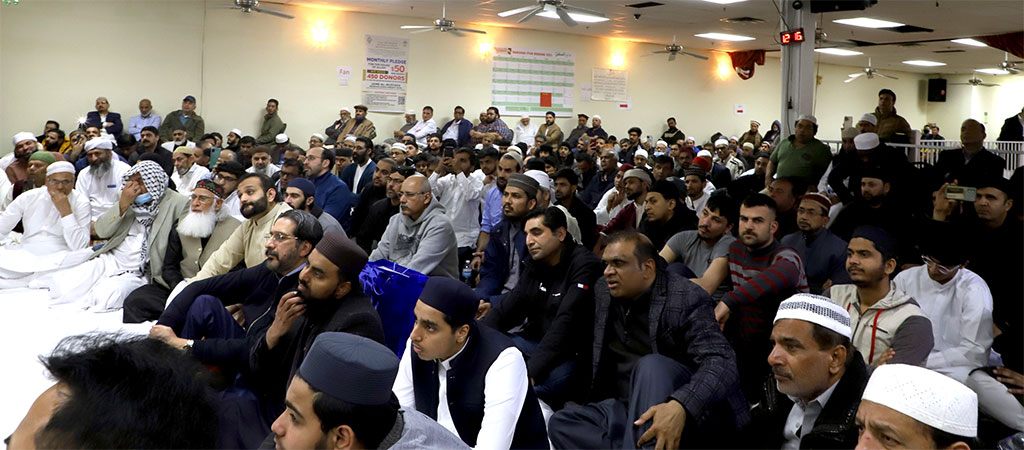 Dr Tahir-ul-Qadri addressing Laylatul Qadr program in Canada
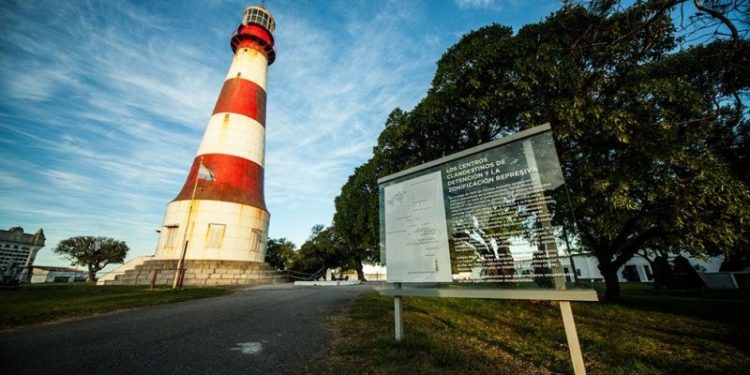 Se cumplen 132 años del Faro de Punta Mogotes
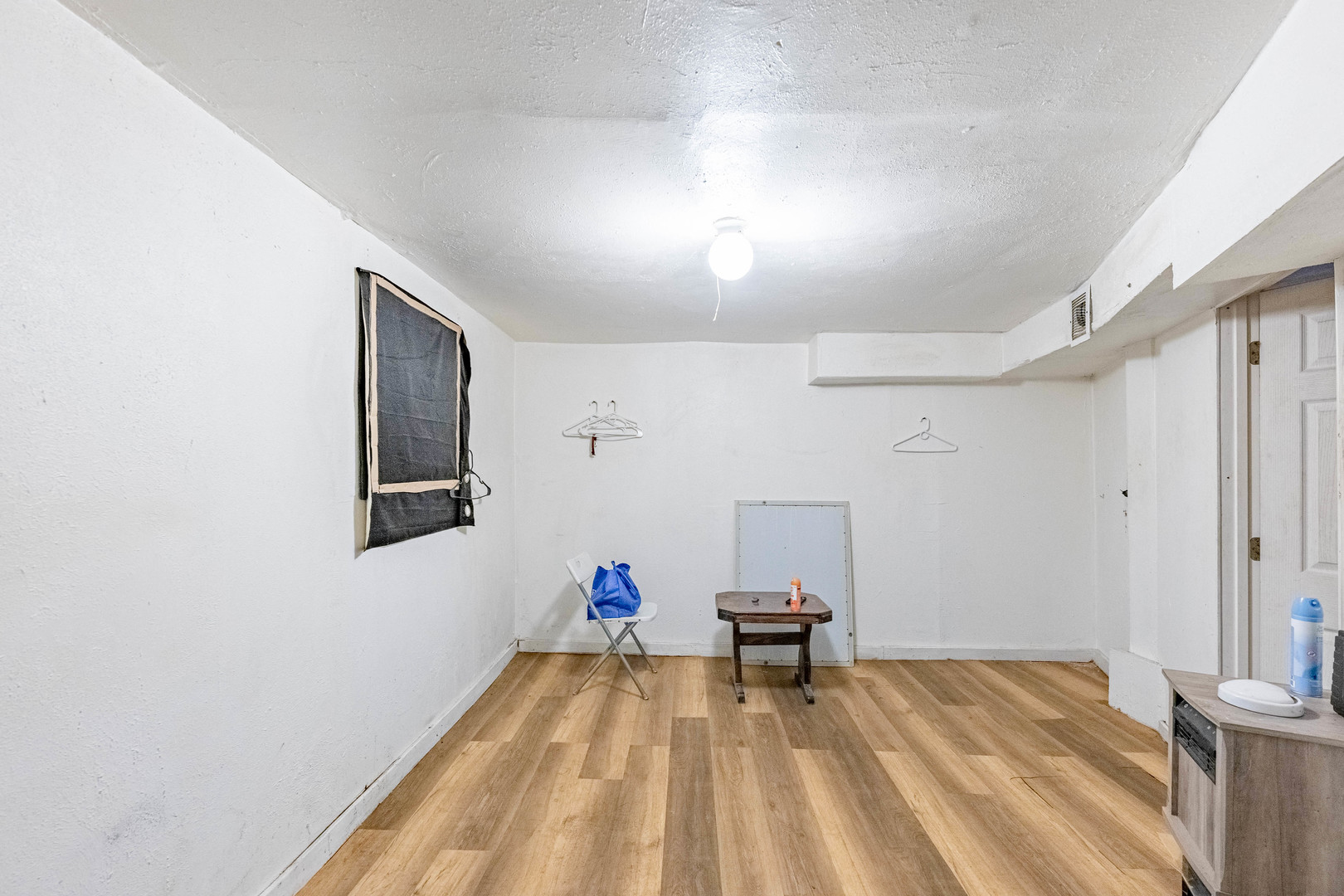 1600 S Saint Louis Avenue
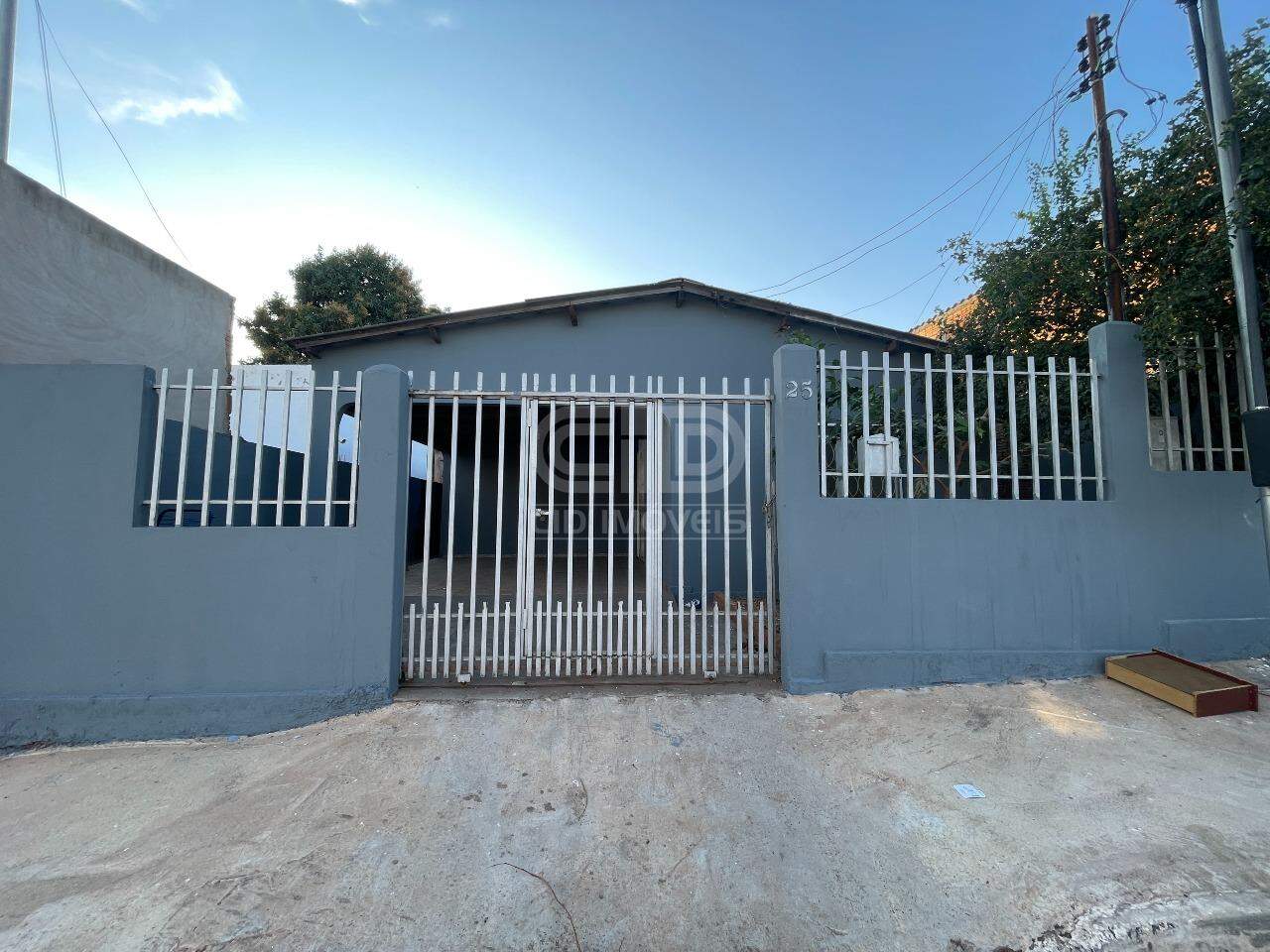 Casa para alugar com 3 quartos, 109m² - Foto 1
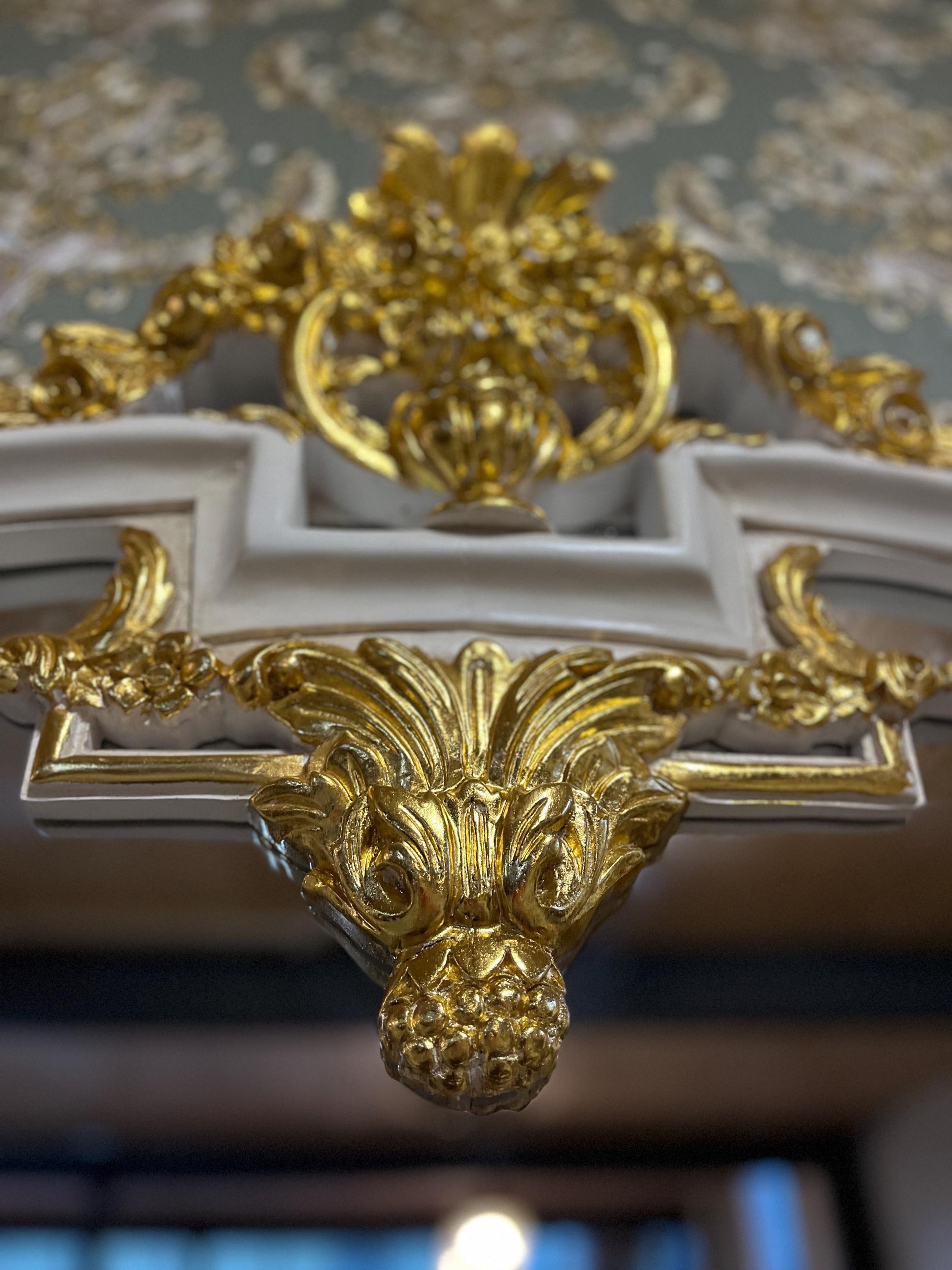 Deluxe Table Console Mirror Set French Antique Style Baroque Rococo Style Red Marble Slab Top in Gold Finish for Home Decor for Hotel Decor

########

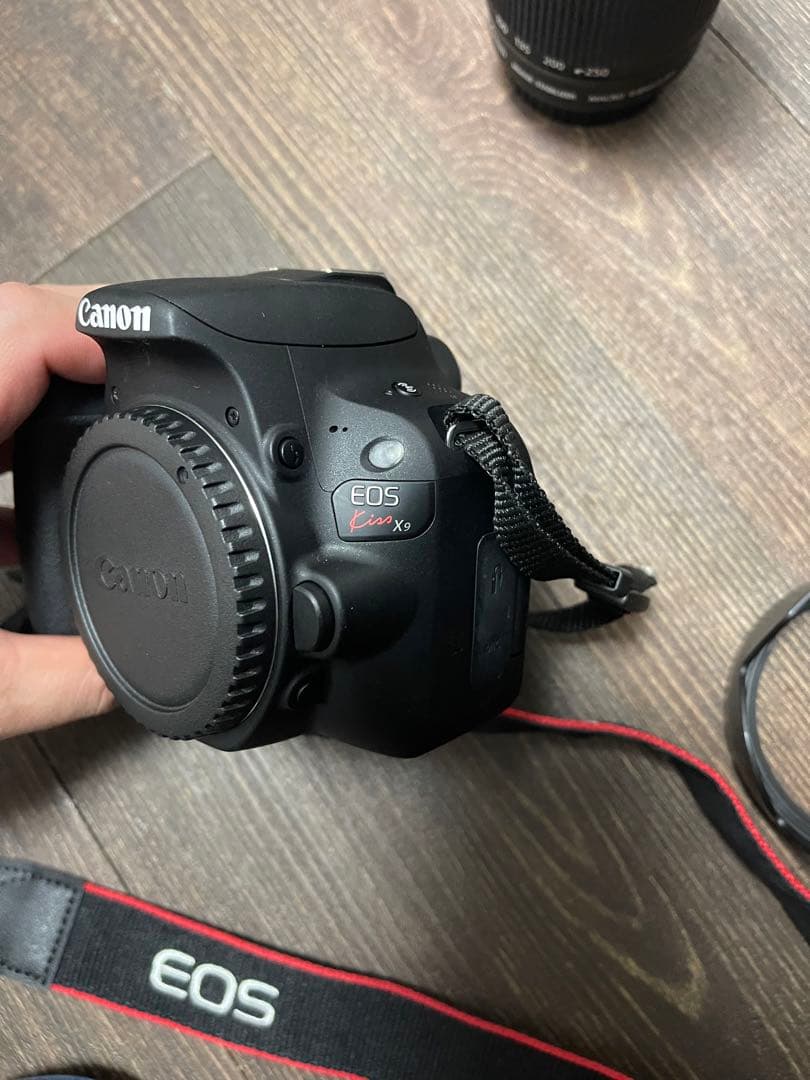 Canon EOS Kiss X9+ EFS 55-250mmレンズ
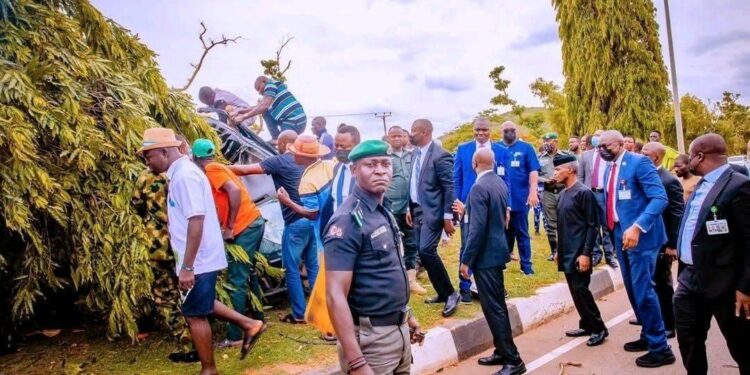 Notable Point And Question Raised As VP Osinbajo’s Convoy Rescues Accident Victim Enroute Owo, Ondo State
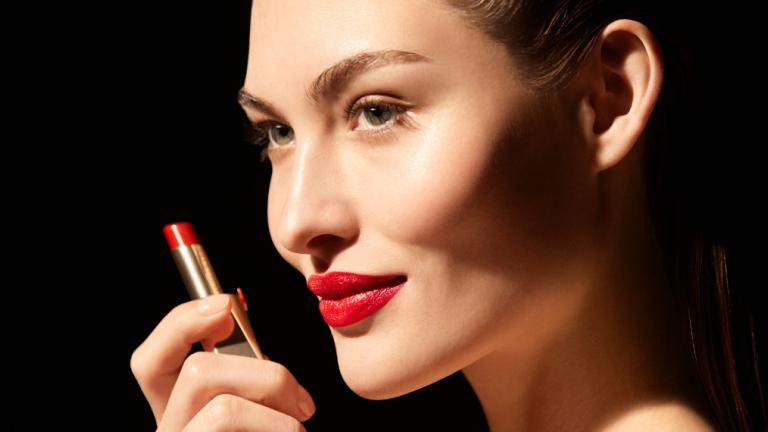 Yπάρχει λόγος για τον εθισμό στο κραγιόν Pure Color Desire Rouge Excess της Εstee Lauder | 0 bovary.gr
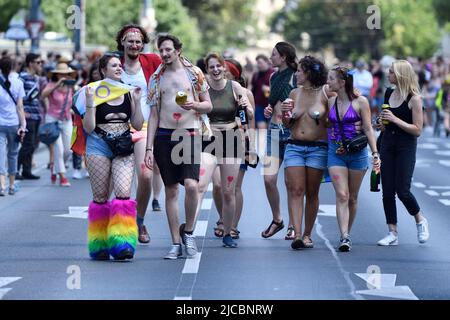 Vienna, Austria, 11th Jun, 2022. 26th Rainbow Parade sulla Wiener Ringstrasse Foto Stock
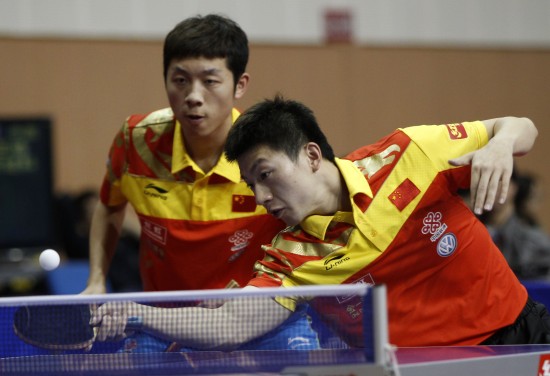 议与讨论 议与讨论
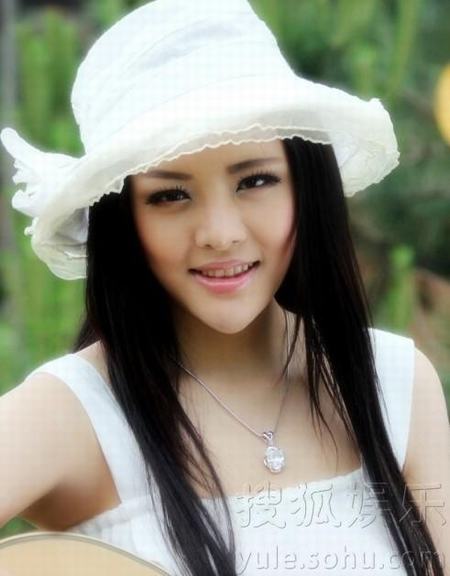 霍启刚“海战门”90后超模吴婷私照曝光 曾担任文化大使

########

§ What to produce
Extract the part of the records that opens with the line containing "Se cumplen 132" and closes with the line containing "Deluxe Table Console". Take only those lines, exactly, and no pictures.

§ Exercise response
 Se cumplen 132 años del Faro de Punta Mogotes
 1600 S Saint Louis Avenue
 Casa para alugar com 3 quartos, 109m² - Foto 1
 Deluxe Table Console Mirror Set French Antique Style Baroque Rococo Style Red Marble Slab Top in Gold Finish for Home Decor for Hotel Decor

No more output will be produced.